La prégnance des nouveaux outils numériques conforte en effet toute une génération dans l’idée qu’il pourrait y avoir une « veille » démocratique plus immédiate. Par exemple, de nombreux think tanks réfléchissent à la manière dont on pourrait utiliser les outils numériques pour intervenir dans la fabrication des lois, mais aussi dans leur évaluation, ou encore pour déclencher plus rapidement des référendums d’initiative partagée grâce aux réseaux sociaux. Il est clair que le numérique facilite et accélère l’intervention du citoyen dans le champ et la décision politiques. Il est nettement plus facile de faire signer une pétition aux 4,8 millions de citoyens nécessaires au déclenchement d’un référendum d’initiative partagée avec les outils d’aujourd’hui qu’avec les feuilles de papier d’il y a cinquante ans.

Paradoxe de ce jeune président révolutionnaire qui passe à côté d’une « révolution » démocratique

Quant à la réponse d’Emmanuel Macron sur ces enjeux, elle semble s’appuyer sur une vision assez archaïque de la démocratie participative. C’est assez surprenant de la part d’un jeune président qui avait compris l’utilité des Marcheurs et d’une démarche « bottom-up » [du bas vers le haut] pour construire des propositions politiques. Il semble ne pas avoir mesuré la nécessité de ces outils numériques. En cela, il est assez isolé, car ces questionnements sont très présents chez les autres acteurs politiques. Paradoxe de ce jeune président révolutionnaire qui passe à côté d’une « révolution » démocratique.

Est-ce qu’il est possible, dans le cadre de la Constitution de la VRépublique, de reconnecter légitimité institutionnelle et légitimité populaire ?

Les institutions de la Ve République se sont révélées suffisamment souples et adaptables pour contribuer à cette reconnexion.

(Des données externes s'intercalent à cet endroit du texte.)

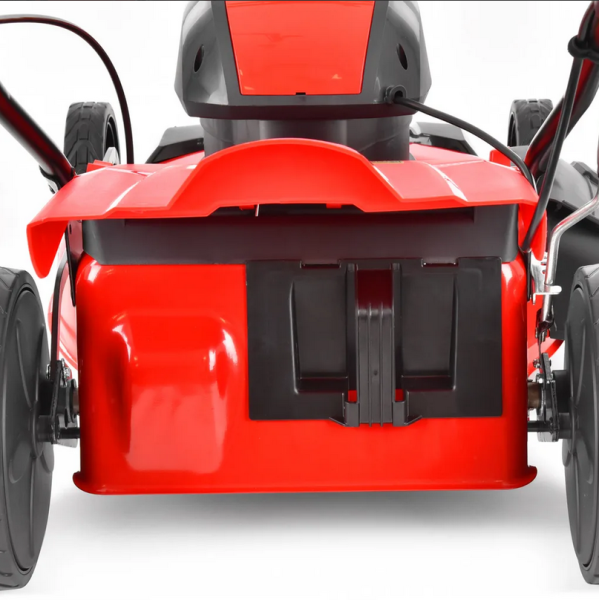 Газонокосарка електрична HECHT 1802 S (безщітковий двигун)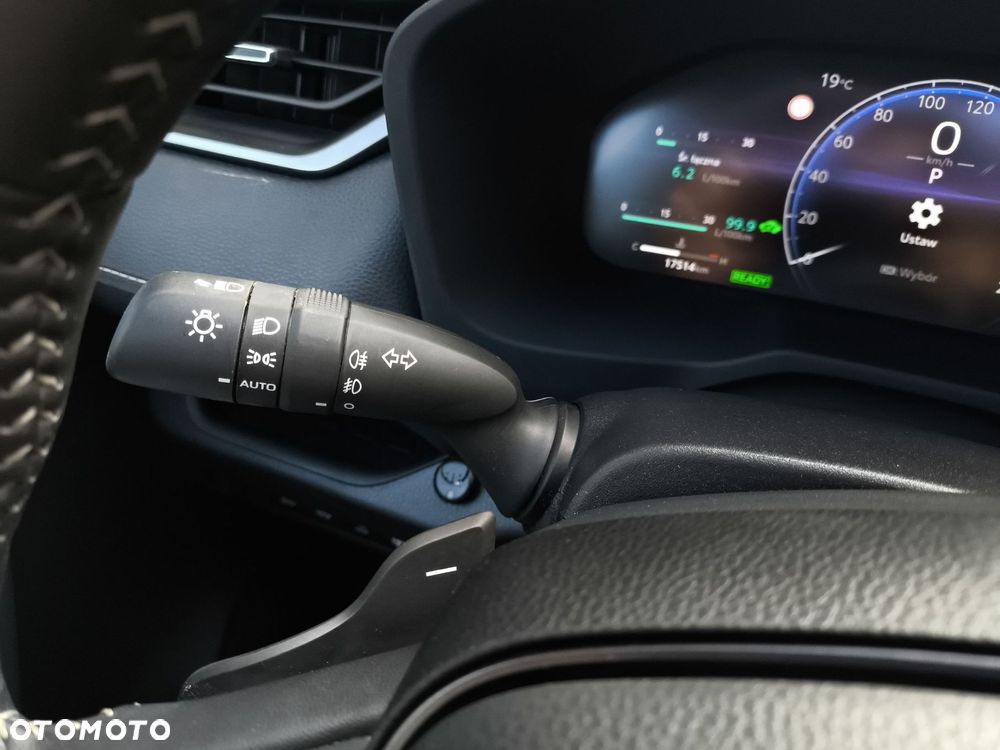 Toyota RAV4 2.5 Hybrid GR Sport 4x4 - 24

À son origine, cette Ve République correspond à une pensée dialectique entre la tradition parlementaire issue de la Révolution française, liée au citoyen, et une verticalité du pouvoir très bonapartiste, selon la vision du général de Gaulle. Michel Debré, qui conçoit ces institutions, a veillé à ce que soit préservé l’équilibre d’une république parlementaire. Et ce que montrent les périodes de cohabitation, mais aussi, de manière un peu surprenante, les élections législatives de 2022, c’est que cet équilibre est possible. Tout ce qui peut aujourd’hui aider à persuader les citoyens, en particulier les jeunes générations, que leurs institutions sont en connexion avec cette souveraineté populaire, doit être utilisé.

Je suis convaincu qu’un retour à l’esprit initial des institutions, tout en conservant la centralité de la figure présidentielle et cette forme de verticalité, qui reste chère à une grande partie des Français, est possible. Un passage à une VIe République parlementaire risquerait de bousculer les choses de manière excessive. On peut tout à fait redonner plus d’espace au Premier ministre, le chef effectif du gouvernement, et replacer le président de la République sur une fonction plus proche de celle d’un président italien ou allemand. Le tout est de trouver où placer le curseur. Mais nous pouvons renouer avec l’esprit du domaine réservé, c’est-à-dire un président qui s’occuperait de l’international, des affaires étrangères, et qui, pour l’intérieur, laisserait plus de marge de manœuvre au Premier ministre. Un Premier ministre qui est, selon les termes de la Constitution, « le Chef de majorité parlementaire », c’est-à-dire qu’il tire tout de même sa légitimité des électeurs et est responsable devant eux.

Pour résumer, il n’est pas nécessaire de quitter la Ve République. Mais il faudrait réussir à redonner plus de pouvoir au Parlement, inclure les citoyens dans le processus législatif par la coproduction de lois et par le contrôle et l’évaluation des procédures, et densifier ces moments de participation et de contrôle en recourant aux référendums d’initiative partagée.

Le président de la République dit accepter d’être impopulaire. Peut-il ne rien changer au niveau de sa méthode ? 

Je pense que c’est une conception rigide des vertus de l’impopularité, comme une sorte de légitimation de la pertinence de sa politique. C’est la lecture de quelqu’un qui ne comprend pas que le risque d’impopularité, pris par des nombreux présidents, de De Gaulle à Mitterrand, ne les a pas empêchés de rechercher l’assentiment populaire. En l’occurrence, c’est presque une perversion des vertus de l’impopularité.